A adesão ainda tímida é vista como normal, pois exige, por exemplo, adaptações físicas das cantinas. O acompanhamento das construções vem sendo feita pela Emater-RS. "Aos poucos, esse número vai aumentar, é um processo lento", projeta o vice-presidente do Instituto Brasileiro do Vinho (Ibravin), Márcio Ferrari, apostando que o sucesso dos pioneiros abrirá as porteiras para os demais.
Ferrari vê a medida como importante para o setor, capaz de aumentar as vendas do vinho gaúcho. Formalizados, os vinhos coloniais receberão um crescimento da segurança na venda, tanto para o produtor quanto para o consumidor. Não há temor, também, de que a medida influencie na produção das vinícolas industriais, pois, como o vinho colonial já é feito há décadas, as uvas destinadas ao produto já não chegavam até as grandes empresas do setor.
Percepção de qualidade é um dos objetivos para o produto
Estigma do chamado "vinho de garrafão", a percepção de baixa qualidade por parte dos consumidores ainda pode trazer alguns desafios para a bebida.
Para se adequar às regras de formalização, porém, há uma série de cuidados e técnicas que precisam ser cumpridas, como um responsável técnico, uma construção com determinadas características e questões que regem sobre o recebimento da uva, o envase, a conservação do ambiente, entre outros, que podem ajudar a combater um possível preconceito.

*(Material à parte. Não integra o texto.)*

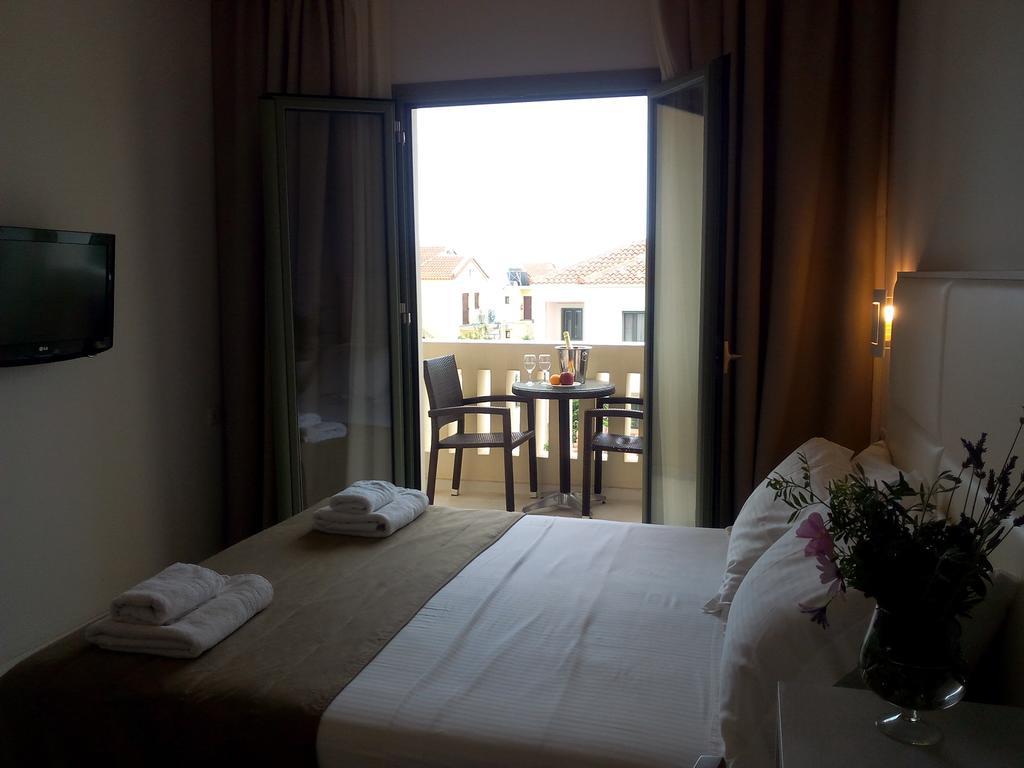Aphrodite Samos Suites Marathókampos Eksteriør billede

"A qualidade desses produtos existe. Temos alguns que só não concorrem em premiações porque são produtores muito pequenos", argumenta o vice-presidente do Ibravin, Márcio Ferrari. Além disso, o dirigente lembra que a percepção de qualidade, na prática, pode ter mais a ver com o gosto pessoal de cada consumidor. "Se gostou, vai continuar comprando. E, agora, terá mais opções", complementa Ferrari.

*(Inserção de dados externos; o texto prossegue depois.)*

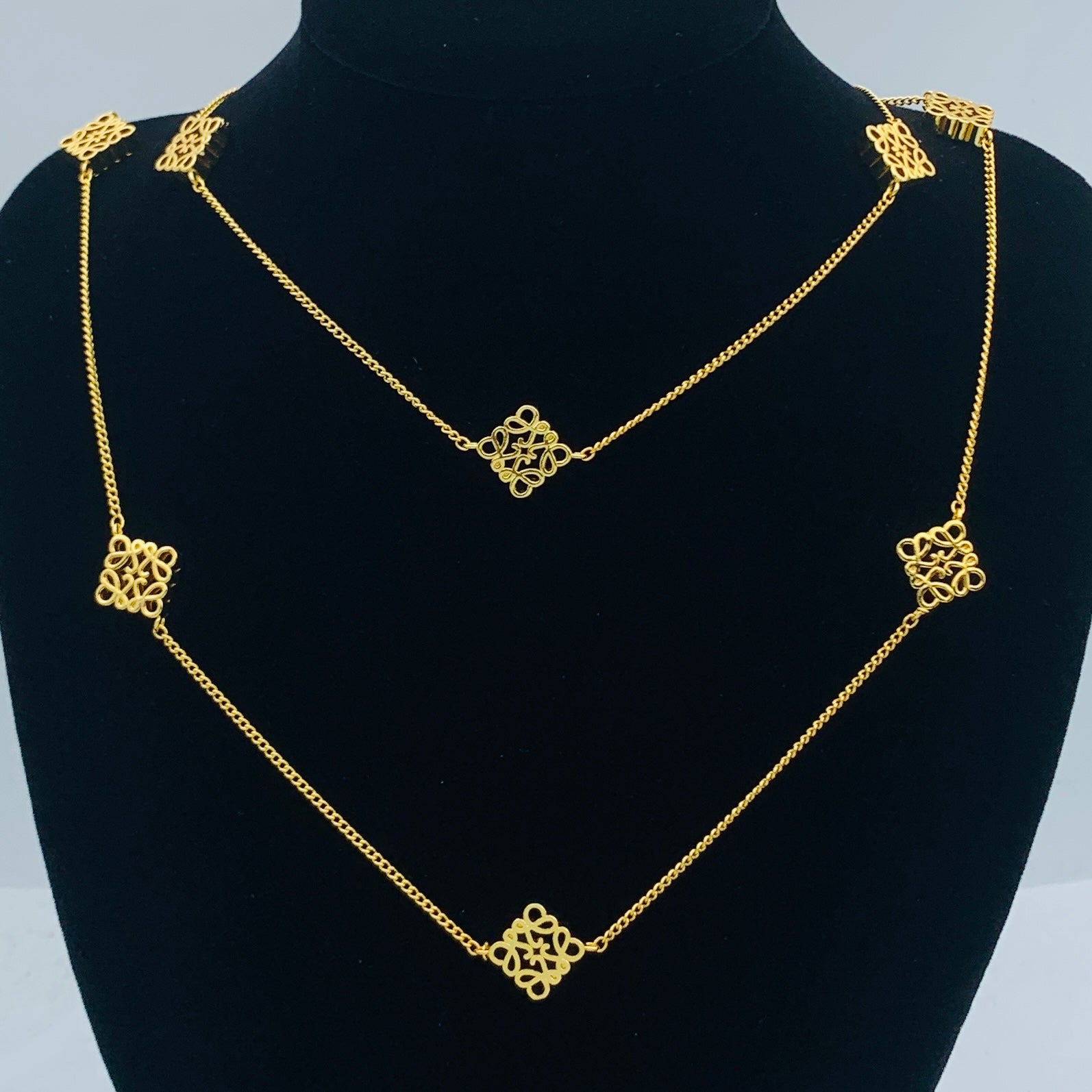 LuxluxHouse Low Price And High Quality Accessories Loewe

"Não queremos padronizar a produção, cada um continuará fazendo do seu jeito, mas com acesso a equipamentos e técnicas", argumenta o enólogo e extensionista da Emater-RS, Thompson Didoné. Um dos pilares da atuação da entidade no segmento é a presença dos agricultores em cursos e treinamentos, além da busca por equipamentos.

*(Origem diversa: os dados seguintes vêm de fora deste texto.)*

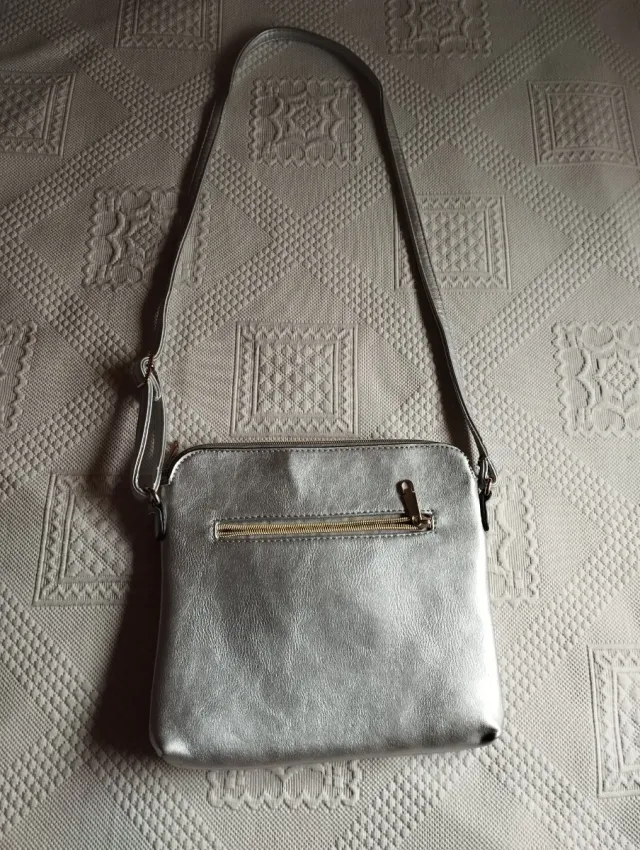 Bolso de colgar plata 25x24 cm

Uma das questões ainda em aberto diz respeito ao suco de uva colonial. O método mais comum, de produção em panelas, traz limitante aos agricultores por adicionar água ao líquido que, assim, não pode ser vendido como suco integral. Um suquificador, equipamento de baixo custo que resolve o problema, já foi desenvolvido pela Embrapa Uva e Vinho, e deve chegar aos poucos aos produtores, que, como todo agricultor familiar, atuam com diversas fontes de renda.